Partendo da questa osservazione, questa Camera Civile di Agrigento invia alla Comunità Ecclesiale Agrigentina e per la stessa al Cardinale Francesco Montenegro, Ordinario Diocesano, e alla stampa, questa lettera con la quale manifesta la propria adesione, morale, all’iniziativa con ciò volendo difendere i valori della cultura che non sono solo della Città, ma del mondo.
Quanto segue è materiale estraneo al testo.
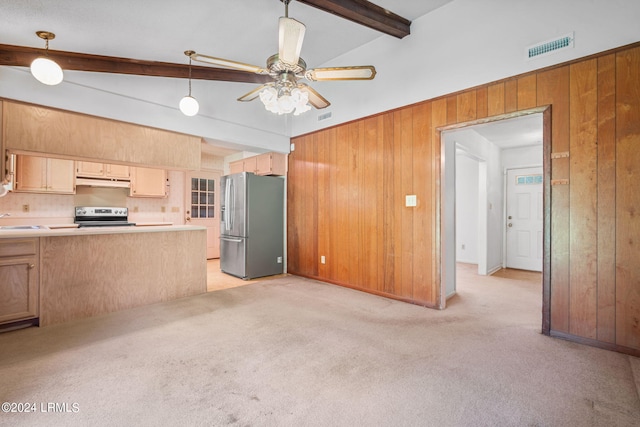 kitchen with sink, wood walls, hanging light fixtures, appliances with stainless steel finishes, and light colored carpet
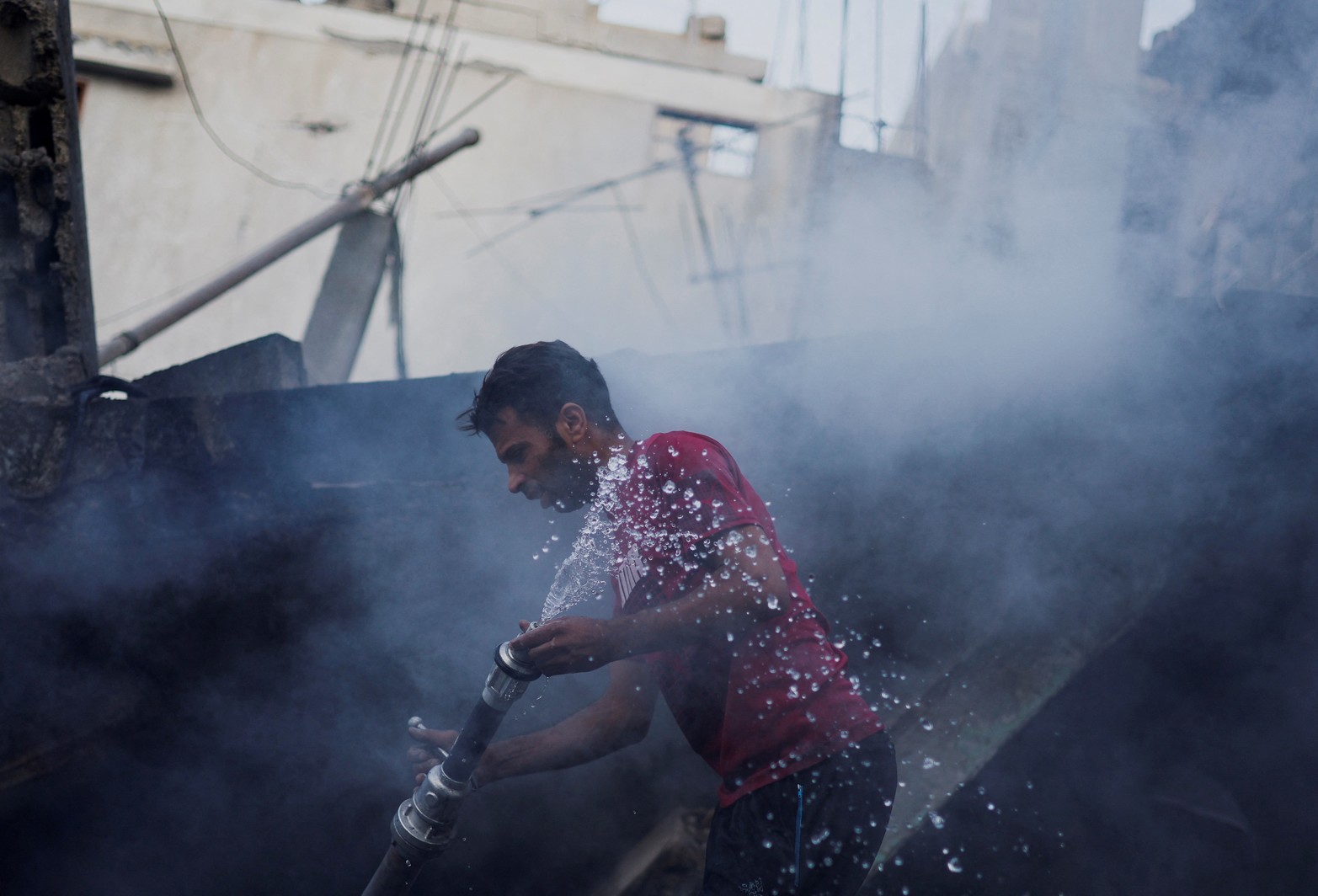 Un palestino usa una manguera de agua mientras busca bajo los escombros después de los ataques israelíes, en medio del conflicto en curso entre Israel y el grupo islamista palestino Hamas, en Khan Younis, en el sur de la Franja de Gaza.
Il non impedire ciò che la burocrazia, le autorità competenti ed i vertici politici avevano ed anno il dovere di impedire equivale a cagionarli, è il nostro codice penale che lo prevede.
Speriamo che alla marcia partecipino solo i cittadini comuni e quanti anche se facenti pare di associazioni, o ordini non hanno per la funzione od il ruolo il dovere – potere di intervenire, di fare.
Chi ha un ruolo, deve chiudersi nel proprio ufficio, non fare nessuna passarella, e fare e dare alla Comunità agrigentina e alla cultura mondiale il risultato che il lavoro è stato cantierizzato con data vicina e certa della conclusione dei lavori.
Chi ha responsabilità e ruolo non può dire che il compito è di altri o che la burocrazia blocca o che gli ingranaggi sono tali da non far risolvere i problemi perché sono in quei posti per fare, con tutte le azioni utili anche giudiziarie, per dare risultati.
Si legge sull’’Amico del Popolo “6 anni di promesse non mantenute” al che ci si chiede e allora “Tu” che ci fai in quell’ufficio, in quel ruolo in quella “autorevole” funzione.
L’incuria è divenuta una regola, che dire del c.d. “Viadotto Petrusa” del “Ponte Morandi” e della strada per Palermo?.